Kuburan itu berbaris
Ditimpa dan dihimpit tangis
Dari sebuah tragedi yang seperti paradoks
Yang tak henti memproduksi darah, luka, dan borok.
Buku sejarah di masa depan
Akan menjadi buku paling tebal di sekolah
Meneriakan suara rakyat kecil
Pada pemimpin yang berpura-pura tuli
Yang menari di atas lingkaran korupsi.
Jika harta para serakah itu dapat kucuri
Maka sila ketiga bukan lagi sekadar fantasi
Jika organ tubuh para penguasa rakus itu dapat kujual
Indonesia takkan lagi dibelenggu sial.
Saat rakyat kecil terjebak dalam tubuh
Yang buruk, sengsara, mengharukan dan kelaparan
Mereka yang berkuasa sedang sibuk liburan
Sambil menginjak leher rakyat yang memilukan.
Indonesia terlalu lihai
Memproduksi mayat dengan mengerahkan
Para sniper, para petinju ilegal, dan lindasan
Mobil pada seorang ojol yang sedang mengantarkan pesanannya …
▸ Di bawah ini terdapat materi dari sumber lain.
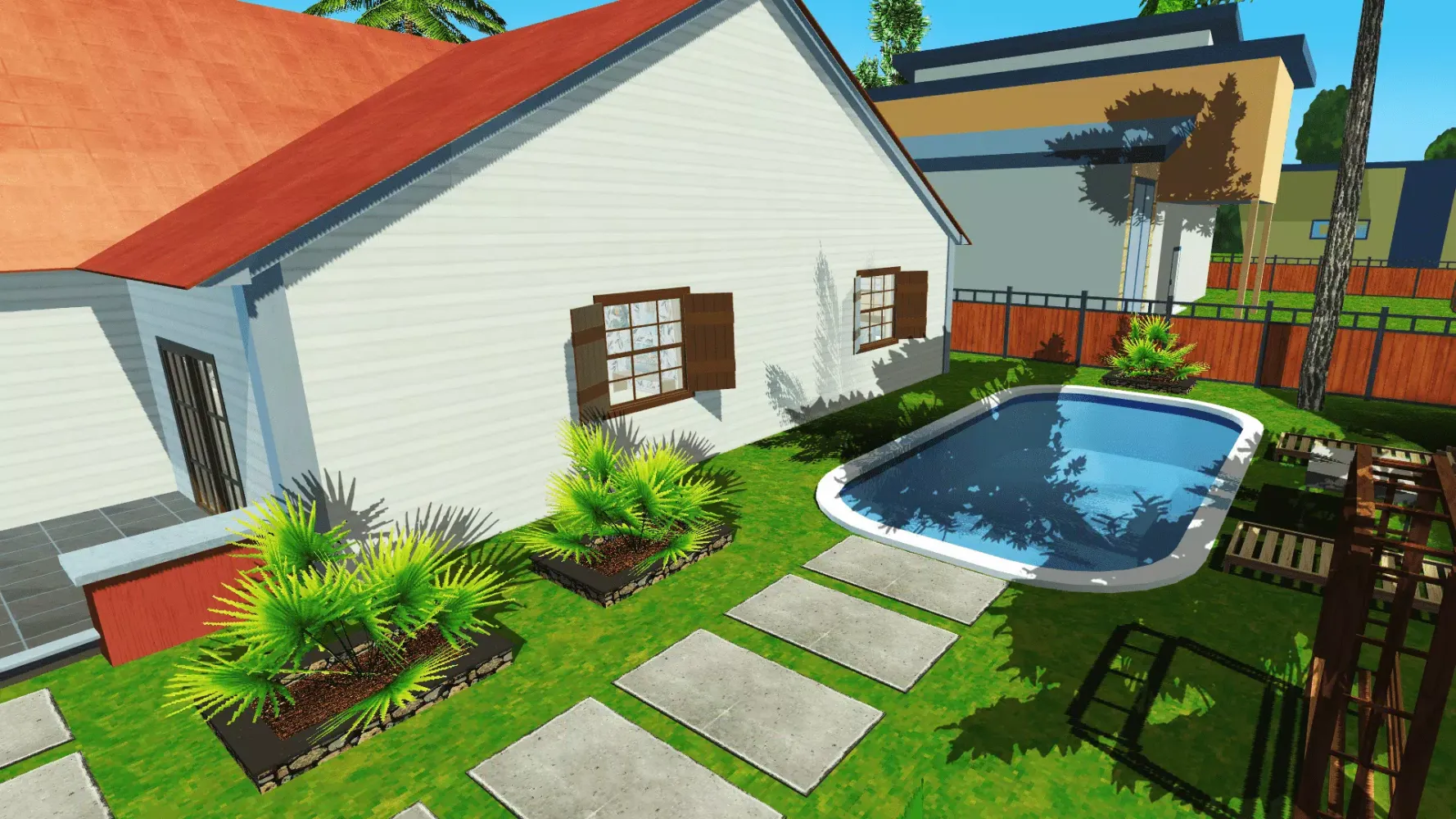 Capturas de tela do House Craft : Fix & Flip 2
Kebijakan pajak di masa kini
Sangat menyerupai tragedi lama
Yang menyiksa para pejuang
Seperti memeras rakyat yang tak beruang.
Angka kemiskinan membumbung tinggi
Tapi mereka yang berkuasa berpesta dan menari
Tak melihat jutaan rakyat yang kekurangan gizi
Tak mendengar rakyat yang merintih setiap hari
Demi sesuap nasi yang dicuri dan masuk ke kantong pribadi …
Aksi demo di mana-mana
Membakar amarah rakyat di segala penjuru negara
Menciptakan kobaran dendam yang membara
Tapi hanya menjadi suara
Yang tak terdengar oleh mereka,
Yang melarikan diri ke Eropa.
Dasar negara kita bukan lagi Pancasila
Tapi pancaderita:
Satu, ketuhanan bagi rakyat yang tersiksa
Dua, kemanusiaan yang menindas dan menderita
Tiga, kehancuran Indonesia
Empat, kerakyatan yang diperas oleh wakil rakyat dan para petinggi negara
Lima, keadilan sosial bagi mereka yang berkuasa.